Na esquina, ao lado da igreja, a loja de Pedrinho Rodrigues chama a atenção pela variedade de produtos em suas prateleiras. Antonio José nos lembra que Maria Odete trabalha aqui.

Em seguida, a sortida bodega de seu Quidoca; na sequência, as bodegas de José Batista e a de Antonio Noronha. Chico Lino, homem sério e de pavio curto, logo aparece no balcão de sua mercearia, também uma das melhores daquele trecho. Ao lado, a casa onde morava com seus filhos Horácio, Araci, Concebida e Pedro. Vou parar um pouco. Está entrando um iate branquinho com listas escuras nas laterais.

A loja de tecidos de seu Quincó fica bem aqui, ao lado de sua casa. Vizinho à loja de seu Quincó fica a padaria de seu Lalá, seguida das Lojas Paulista, onde o irmão de Bobô é gerente.
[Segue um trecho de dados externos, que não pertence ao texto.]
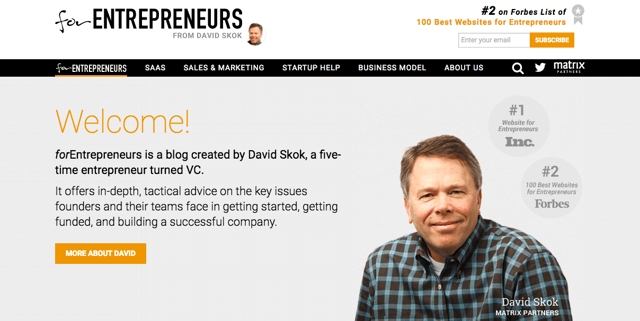 For Entrepreneurs - David Skok.png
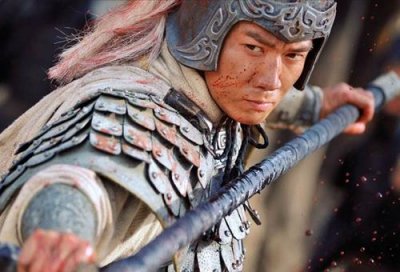 蜀汉的作战部队有哪些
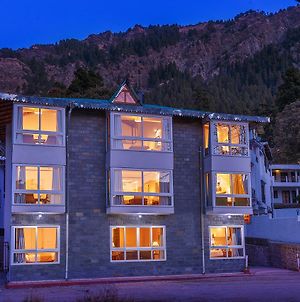 The Pinewood, Nainital By Leisure Hotels Exterior photo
Esta mercearia pouco sortida é a de seu José Silvino e dona Ester, pais de Ivo, Mauro, João Alves, Eraldo, Evaldo, Zé Maria, Francisco, Isabel e Ana Maria. Aqui ao lado, a bodega de José Leonel e dona Hilda. Aqui fica a bodega de seu Josa, sempre com uma piada engraçada na ponta da língua. Ele é o pai de Bezinho e Vavá. A mercearia de Valdemiro fica aqui. A esta hora dona Noêmia, com certeza, deve estar assando algum bolo com cobertura açucarada grossa, geralmente vermelha. Aqui fica a mercearia de seu Isídio, controlada com muita sabedoria por Queca. Esta é a mercearia de dona Branca, mãe de Tututa, Lázaro e Petinho. Eles fabricam vinagre de forma artesanal. Na esquina, seu Eduardo tem como vizinho uma barbearia logo no início da rua que corta à direita.

Conheço pouco o trecho que se segue, mas vou seguir a orientação de Miranda, que é um sujeito que não conheço, mas entende muito de Areia Branca. Da rua Joaquim Nogueira à rua dos Calafates, vejamos, tem seu Eduardo, a mercearia de Vicente Simão, a casa de Quinca Pereira, a de Toinho de Chico Inácio, que é o pai de Alzenir Rolim, a cooperativa dirigida por Quiquinho Lúcio, a casa de Quinca Semeão e esta bela mercearia ao meu lado direito, que me faz lembrar de um episódio contado por Evaldo.

É a bodega de Sebastião Amorim. Evaldo e sua turminha tinham como costume vender garrafas aqui na mercearia de Sebastião Amorim. Um empregado dessa mercearia, sabendo muito bem com quem tratava, tinha o hábito de cheirar a boca de todas as garrafas, para afastar aquelas que tinham sido utilizadas para guardar querosene. Certo dia, os meninos esperaram até que alguém estivesse preparado e soltasse um pum na garrafa, sendo tapada com a mão logo em seguida. Ao chegarem com cara de anjo, o rapaz foi logo cheirando a boca das garrafas. Alguém falou: Não tem querosene em nenhuma. Ele respondeu: De fato, não tem querosene, mas nesta tem bosta, e eu não quero nenhuma delas. E a turma voltou sem o dinheiro das cocadas. Porém comemorando a vingança.

Agora vem a casa de Zé Braz, a casa de João de Pixico, Chico Carvalho, Chaguinha Carvalho, Chico Ludugero (pai de Cleodon), Luiz Mariano, Adauto peixeiro e Liberato. Ainda temos a bodega de Pedrinho Duarte, que fica aqui defronte ao mercado do peixe, a casa de Vicente Besouro, Antonio Pimenta, Zé Cazuza, Manoel Gonçalves, Chico de Neco, Antero Xixico e outras cujos moradores desconheço.

O tempo é cruel, e sei que esqueci algumas. Mas a memória é curta, e o sol está muito forte.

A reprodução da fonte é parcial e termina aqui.